Ces considérations passées et ces « injonctions contradictoires » étant unanimement dénoncées, vient le temps de repenser le statut de l’élu local, en premier lieu celui en première ligne face à ces aléas : le maire. « Le statut du maire n’est plus adapté à la mission qui est la sienne, en particulier s’il est sur un territoire à risque, il est responsable personnellement et pénalement de tout ce qui peut arriver y compris de ce qui n’est pas de son fait et peut être poursuivi de manière extrêmement active », constate amer, Sébastien Leroy, arguant qu’il est nécessaire de « travailler sur la rémunération des élus », « un maire d’une petite commune ayant la même responsabilité qu’un édile d’une grande métropole car il doit tout gérer par lui-même ».
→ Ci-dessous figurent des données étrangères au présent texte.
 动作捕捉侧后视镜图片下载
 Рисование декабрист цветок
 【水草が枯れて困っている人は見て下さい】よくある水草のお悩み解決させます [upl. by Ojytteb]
Maire d’un côté, préfet de l’autre, le maire de Mandelieu-La Napoule renvoie l’Etat à ses responsabilités : « Aujourd’hui, le délai pour obtenir des autorisations afin de réaliser des ouvrages sur des cours d’eau est de 10 ans », plaçant le maire « dans une impasse ». Pour l’édile, il faut « rétablir l’autorité du préfet au niveau local pour qu’il puisse être avec le maire dans une action libre et un contrôle a posteriori dès qu’il y a urgence ». La présidente de la Délégation des collectivités territoriales, Françoise Gatel poursuit le propos, mettant en avant l’ « impérieuse urgence et nécessité d’avoir un patron dans les territoires qui doit avoir une autorité réelle sur l’ensemble des services connectés ».
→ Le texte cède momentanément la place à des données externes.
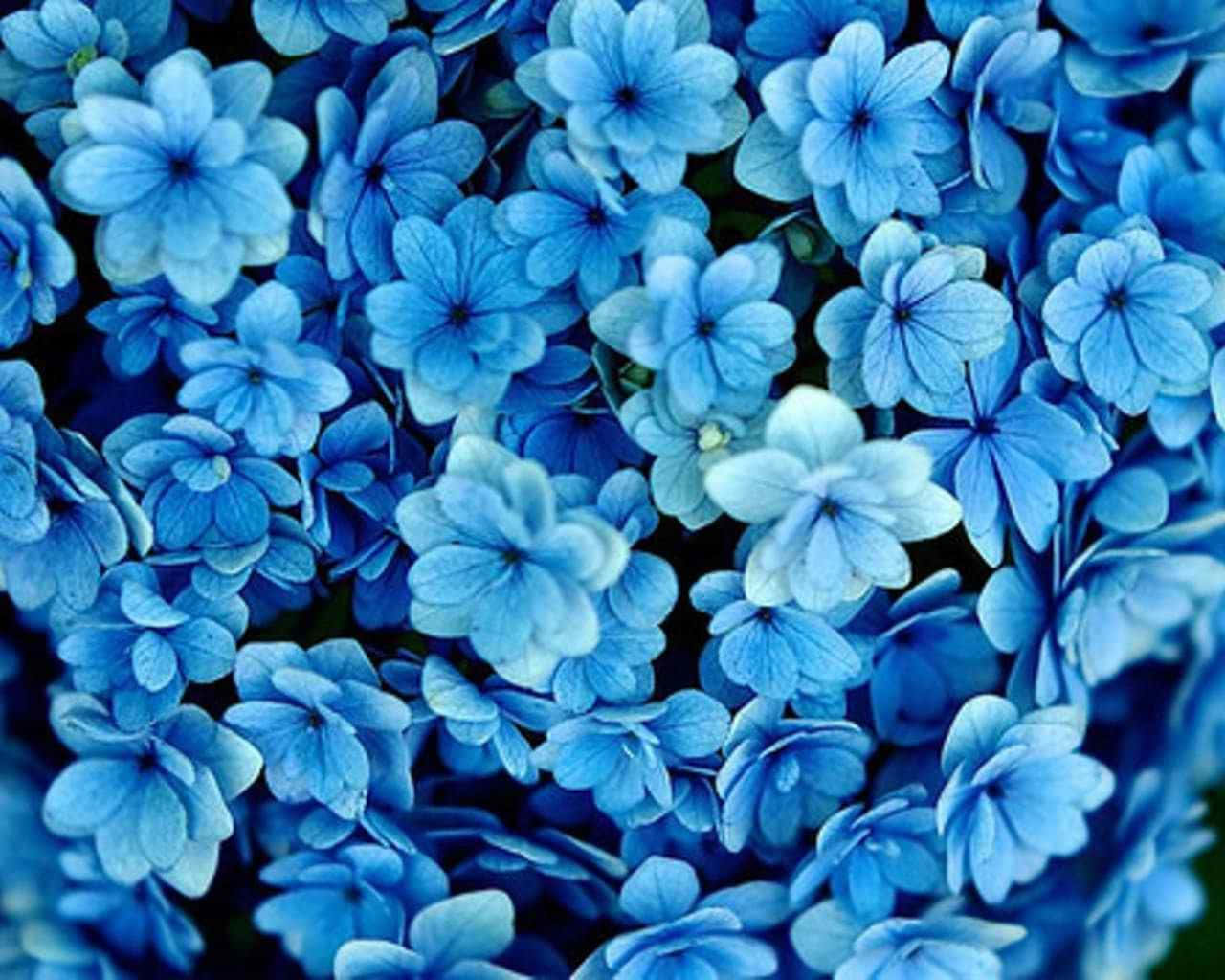 蓝色花卉俯拍 Tumblr 风格背景 壁纸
Pour autant, pas question pour l’ensemble des élus locaux interrogés, quel que soit leur échelon d’évacuer leurs responsabilités. Pour le sénateur Hervé Gillé, il y a « des vrais efforts à faire sur les nouvelles architectures sur les territoires inondables ». La gestion du fil de l’eau est une stratégie majeure et doit être intégrée dans les documents d’urbanisme ». Même son de cloche pour Sébastien Leroy : « Le plan intercommunal de sauvegarde peut laisser penser à l’édile qu’il n’est plus responsable. (…) Il faut redonner au maire la liberté d’aménager son territoire et de rendre des comptes ». « La catastrophe et le fléau ne se renseignent pas au préalable sur la carte administrative » ironise de son côté Françoise Gatel, pour qui nous devons « être à l’échelle de pertinence car certaines communes impactées le sont parfois en raison des décisions d’autres communes ».
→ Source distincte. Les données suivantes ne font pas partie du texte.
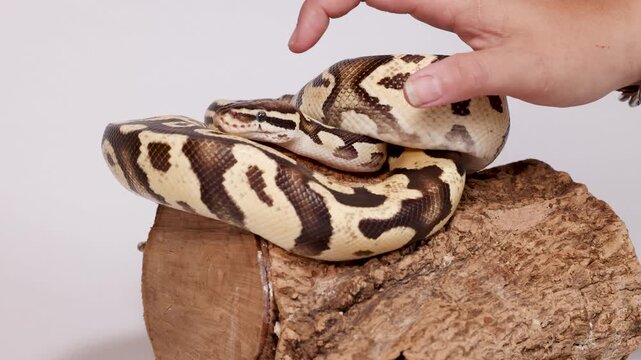 Hand Gently Touches Coiled Ball Python on Log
Quoiqu’il en soit, les intervenants partagent la nécessité pour les élus d’exercer un « travail de pédagogie encore plus fort » afin d’intégrer une « culture du risque » et au-delà même, une « mémoire de risque » afin de tirer les leçons des événements passés pour mieux reconstruire. A ce titre, « les projets AMITER qui visent à faire des territoires tests dans lesquels on réfléchit à comment aménager le mieux par rapport à un risque constituent un bon exemple » note Didier Felts, responsable du groupe Eau Risques Résiliences chez Cerema. « La résilience, c’est d’abord repenser nos actions » souligne-t-il.
A l’aube de la future loi sur le statut de l’élu qui a débuté son examen ce mercredi 28 février en commission des Lois du Sénat, Françoise Gatel, qui a porté cette proposition, promet : « Nous allons mettre en place une autorisation d’absence du maire pendant les calamités », concluant par une maxime : « Si tout n’est pas dans la loi, il existe un esprit à préserver pour que la loi soit au service de la finalité de l’exercice ».